[Short web captions]
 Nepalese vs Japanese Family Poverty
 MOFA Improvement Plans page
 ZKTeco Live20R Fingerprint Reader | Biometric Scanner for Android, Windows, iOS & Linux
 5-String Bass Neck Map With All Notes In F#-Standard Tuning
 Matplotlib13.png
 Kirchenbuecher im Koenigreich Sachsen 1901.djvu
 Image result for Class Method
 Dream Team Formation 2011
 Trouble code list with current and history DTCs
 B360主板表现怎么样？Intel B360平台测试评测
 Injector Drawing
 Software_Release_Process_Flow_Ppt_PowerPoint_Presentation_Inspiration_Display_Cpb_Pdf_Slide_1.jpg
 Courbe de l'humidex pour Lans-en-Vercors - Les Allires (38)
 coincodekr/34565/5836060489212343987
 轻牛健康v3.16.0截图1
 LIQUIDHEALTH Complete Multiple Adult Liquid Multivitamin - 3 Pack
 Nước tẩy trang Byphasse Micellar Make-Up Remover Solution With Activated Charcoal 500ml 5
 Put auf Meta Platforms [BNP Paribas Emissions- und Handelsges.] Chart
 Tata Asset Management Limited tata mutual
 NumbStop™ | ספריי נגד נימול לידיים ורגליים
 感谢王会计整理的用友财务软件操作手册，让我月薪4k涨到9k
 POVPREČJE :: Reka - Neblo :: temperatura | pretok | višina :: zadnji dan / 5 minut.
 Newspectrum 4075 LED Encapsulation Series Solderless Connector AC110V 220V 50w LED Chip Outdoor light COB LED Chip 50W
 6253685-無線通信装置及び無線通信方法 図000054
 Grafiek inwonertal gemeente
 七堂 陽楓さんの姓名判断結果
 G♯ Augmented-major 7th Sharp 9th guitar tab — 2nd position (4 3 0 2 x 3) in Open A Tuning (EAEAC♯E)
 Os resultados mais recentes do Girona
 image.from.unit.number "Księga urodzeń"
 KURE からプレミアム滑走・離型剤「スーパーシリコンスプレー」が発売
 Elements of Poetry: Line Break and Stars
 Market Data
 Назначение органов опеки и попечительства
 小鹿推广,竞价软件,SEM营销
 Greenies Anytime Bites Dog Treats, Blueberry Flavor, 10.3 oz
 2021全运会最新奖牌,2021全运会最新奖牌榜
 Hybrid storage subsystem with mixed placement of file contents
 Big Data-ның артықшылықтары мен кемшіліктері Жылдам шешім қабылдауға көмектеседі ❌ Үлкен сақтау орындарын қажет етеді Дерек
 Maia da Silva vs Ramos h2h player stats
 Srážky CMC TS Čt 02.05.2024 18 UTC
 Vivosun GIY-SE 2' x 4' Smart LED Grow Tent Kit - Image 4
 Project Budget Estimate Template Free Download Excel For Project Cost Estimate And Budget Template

● **WHAT THE TASK REQUIRES**: All of the entries above should be written out again exactly.

● **RESULT OF THIS EXERCISE**:
 Nepalese vs Japanese Family Poverty
 MOFA Improvement Plans page
 ZKTeco Live20R Fingerprint Reader | Biometric Scanner for Android, Windows, iOS & Linux
 5-String Bass Neck Map With All Notes In F#-Standard Tuning
 Matplotlib13.png
 Kirchenbuecher im Koenigreich Sachsen 1901.djvu
 Image result for Class Method
 Dream Team Formation 2011
 Trouble code list with current and history DTCs
 B360主板表现怎么样？Intel B360平台测试评测
 Injector Drawing
 Software_Release_Process_Flow_Ppt_PowerPoint_Presentation_Inspiration_Display_Cpb_Pdf_Slide_1.jpg
 Courbe de l'humidex pour Lans-en-Vercors - Les Allires (38)
 coincodekr/34565/5836060489212343987
 轻牛健康v3.16.0截图1
 LIQUIDHEALTH Complete Multiple Adult Liquid Multivitamin - 3 Pack
 Nước tẩy trang Byphasse Micellar Make-Up Remover Solution With Activated Charcoal 500ml 5
 Put auf Meta Platforms [BNP Paribas Emissions- und Handelsges.] Chart
 Tata Asset Management Limited tata mutual
 NumbStop™ | ספריי נגד נימול לידיים ורגליים
 感谢王会计整理的用友财务软件操作手册，让我月薪4k涨到9k
 POVPREČJE :: Reka - Neblo :: temperatura | pretok | višina :: zadnji dan / 5 minut.
 Newspectrum 4075 LED Encapsulation Series Solderless Connector AC110V 220V 50w LED Chip Outdoor light COB LED Chip 50W
 6253685-無線通信装置及び無線通信方法 図000054
 Grafiek inwonertal gemeente
 七堂 陽楓さんの姓名判断結果
 G♯ Augmented-major 7th Sharp 9th guitar tab — 2nd position (4 3 0 2 x 3) in Open A Tuning (EAEAC♯E)
 Os resultados mais recentes do Girona
 image.from.unit.number "Księga urodzeń"
 KURE からプレミアム滑走・離型剤「スーパーシリコンスプレー」が発売
 Elements of Poetry: Line Break and Stars
 Market Data
 Назначение органов опеки и попечительства
 小鹿推广,竞价软件,SEM营销
 Greenies Anytime Bites Dog Treats, Blueberry Flavor, 10.3 oz
 2021全运会最新奖牌,2021全运会最新奖牌榜
 Hybrid storage subsystem with mixed placement of file contents
 Big Data-ның артықшылықтары мен кемшіліктері Жылдам шешім қабылдауға көмектеседі ❌ Үлкен сақтау орындарын қажет етеді Дерек
 Maia da Silva vs Ramos h2h player stats
 Srážky CMC TS Čt 02.05.2024 18 UTC
 Vivosun GIY-SE 2' x 4' Smart LED Grow Tent Kit - Image 4
 Project Budget Estimate Template Free Download Excel For Project Cost Estimate And Budget Template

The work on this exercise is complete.